How to complete this task ▸ The task for the listing below is to write out exactly the lines starting at the one containing "Starter motor armature" and ending at the one containing "AWE Tuning Touring", both included. Pictures are to be omitted.

Dataset excerpts ▸

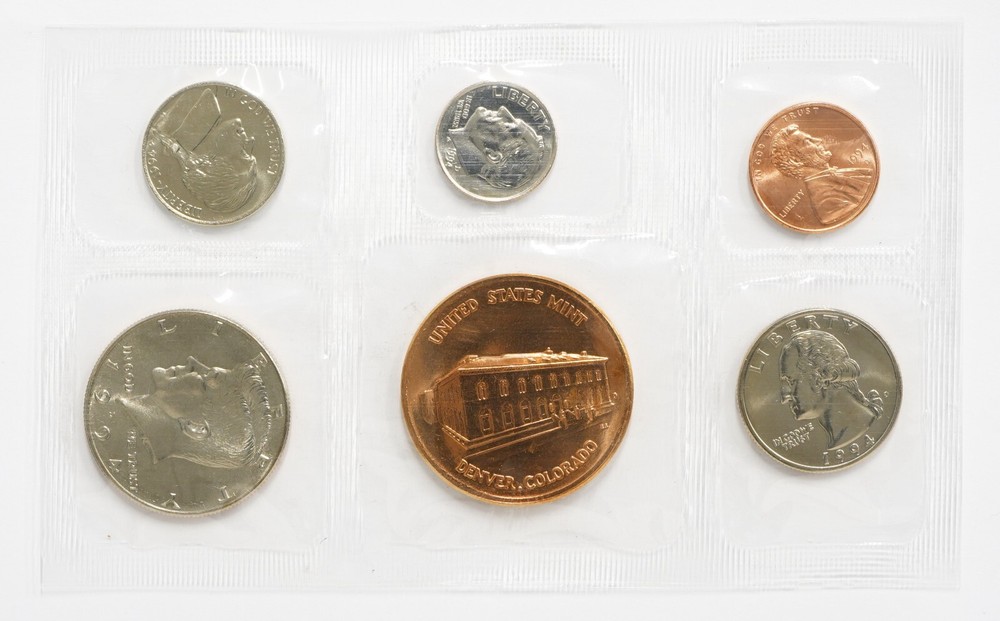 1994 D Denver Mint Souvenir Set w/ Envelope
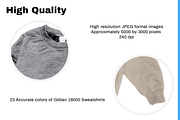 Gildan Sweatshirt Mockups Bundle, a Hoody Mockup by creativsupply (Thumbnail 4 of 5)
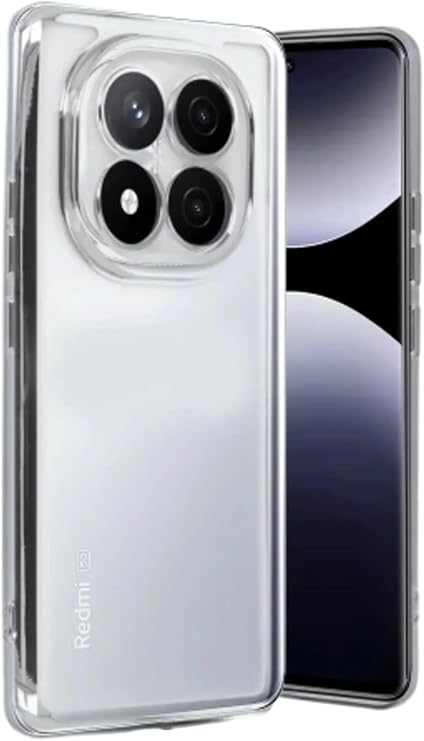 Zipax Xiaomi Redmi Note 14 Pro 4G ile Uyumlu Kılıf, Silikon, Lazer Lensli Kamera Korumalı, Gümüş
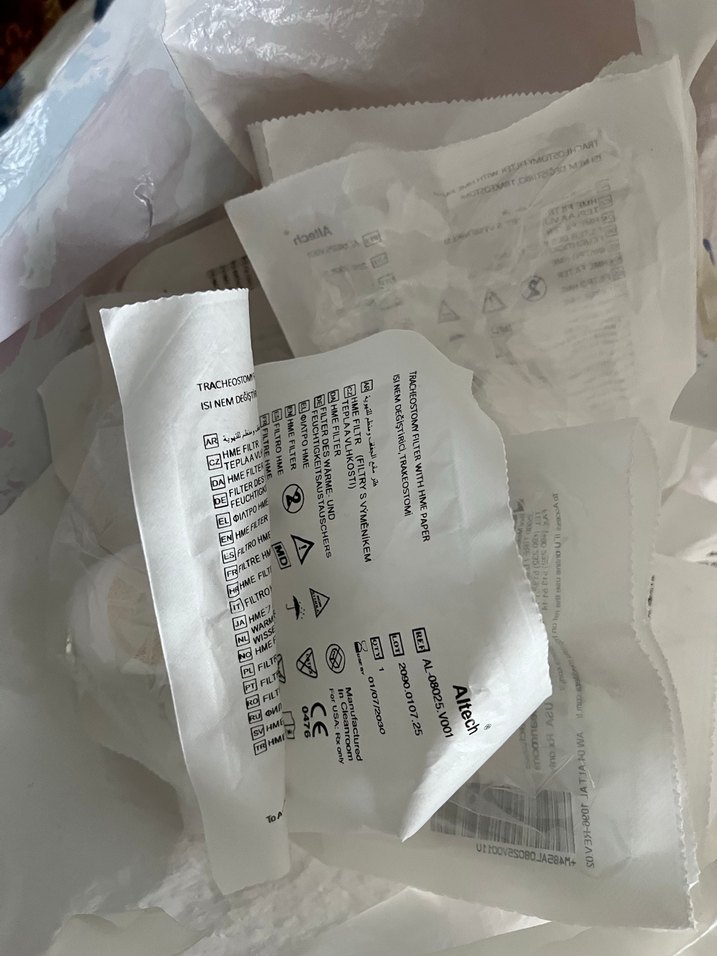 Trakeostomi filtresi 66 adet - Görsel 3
--
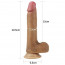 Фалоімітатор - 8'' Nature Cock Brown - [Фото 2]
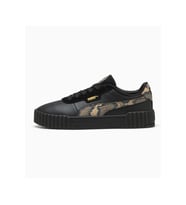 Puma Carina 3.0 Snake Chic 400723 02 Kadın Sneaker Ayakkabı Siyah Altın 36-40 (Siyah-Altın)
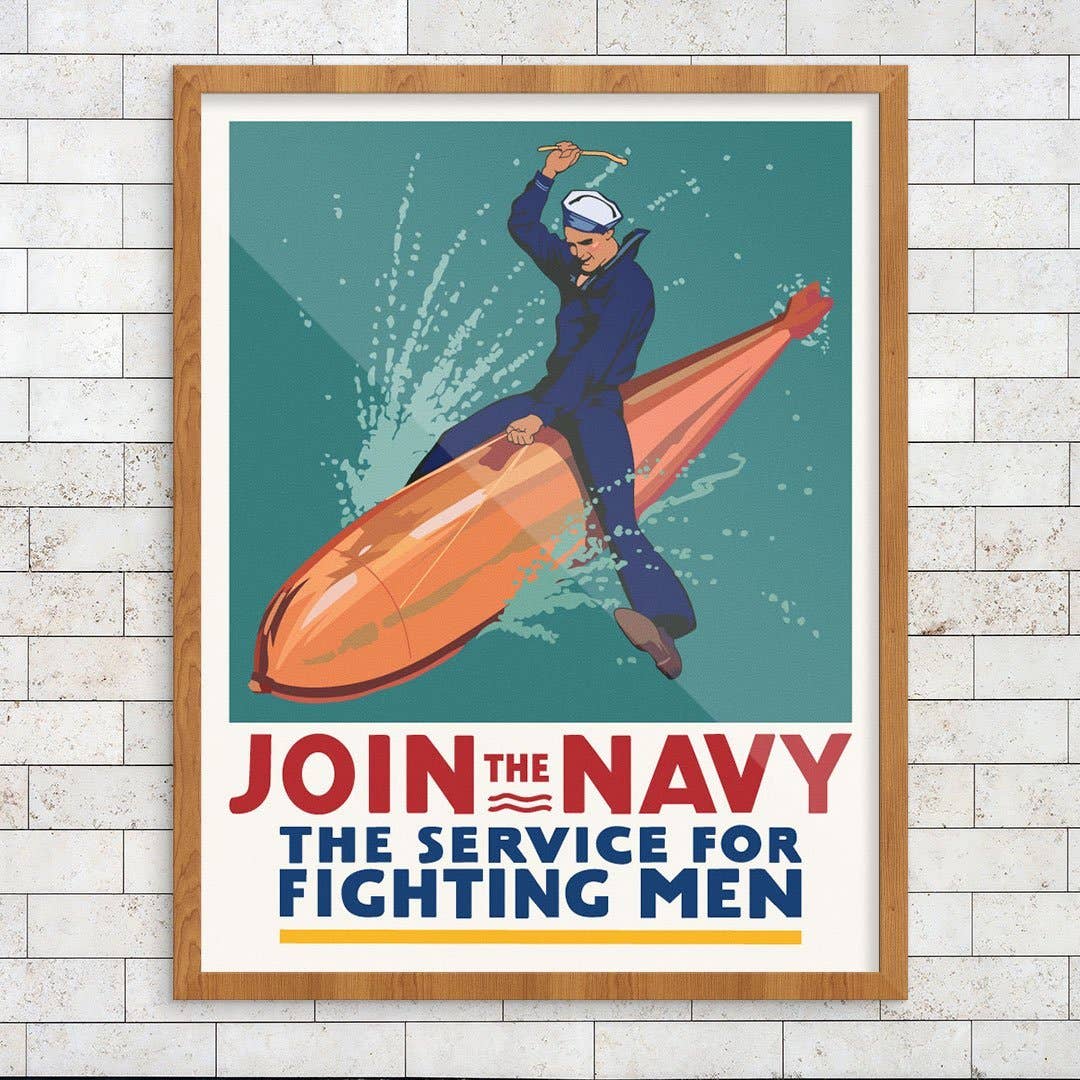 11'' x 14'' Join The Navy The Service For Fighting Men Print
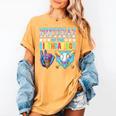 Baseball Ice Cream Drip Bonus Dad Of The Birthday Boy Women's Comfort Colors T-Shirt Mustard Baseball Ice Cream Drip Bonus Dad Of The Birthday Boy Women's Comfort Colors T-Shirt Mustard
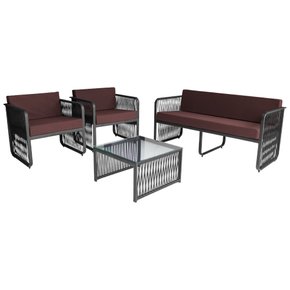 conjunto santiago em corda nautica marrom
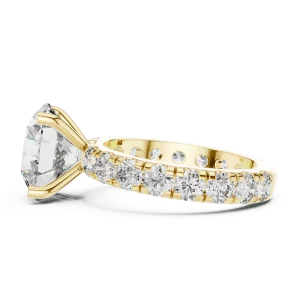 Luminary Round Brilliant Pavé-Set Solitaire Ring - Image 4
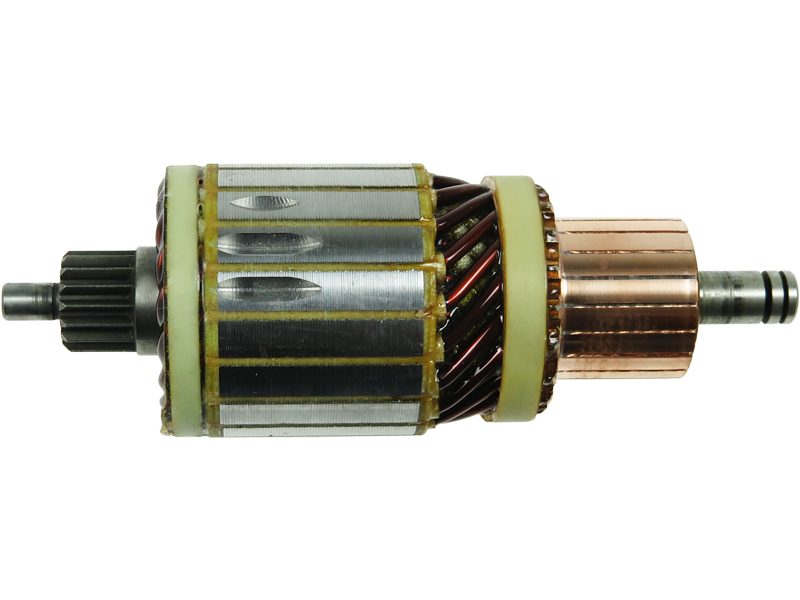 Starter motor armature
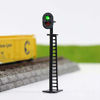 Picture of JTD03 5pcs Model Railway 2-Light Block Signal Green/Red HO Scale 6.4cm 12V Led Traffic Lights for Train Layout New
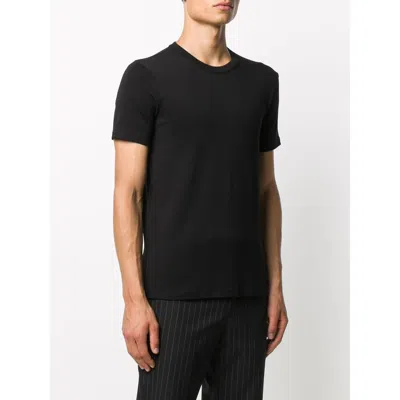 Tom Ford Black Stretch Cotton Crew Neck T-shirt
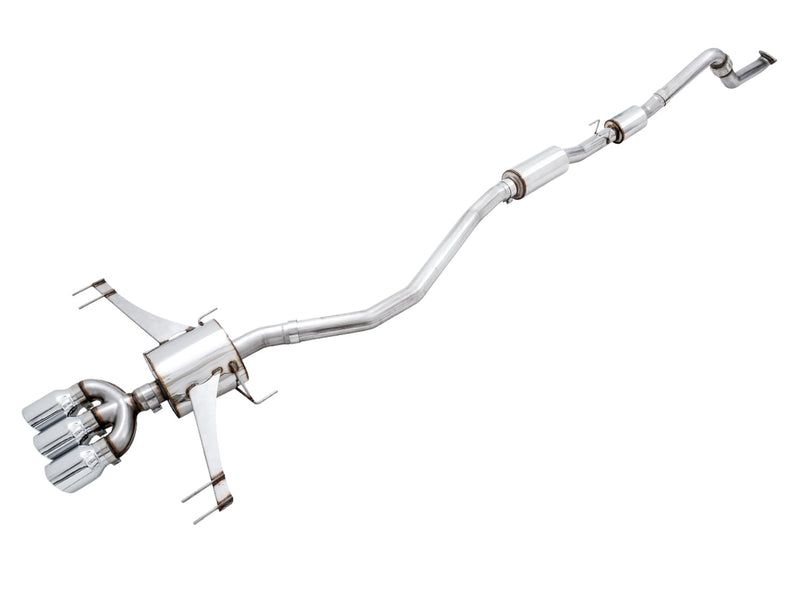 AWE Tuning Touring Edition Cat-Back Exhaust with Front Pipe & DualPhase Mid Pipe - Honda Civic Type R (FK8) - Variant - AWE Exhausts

Problem solution ▸
 Starter motor armature
 Picture of JTD03 5pcs Model Railway 2-Light Block Signal Green/Red HO Scale 6.4cm 12V Led Traffic Lights for Train Layout New
 Tom Ford Black Stretch Cotton Crew Neck T-shirt
 AWE Tuning Touring Edition Cat-Back Exhaust with Front Pipe & DualPhase Mid Pipe - Honda Civic Type R (FK8) - Variant - AWE Exhausts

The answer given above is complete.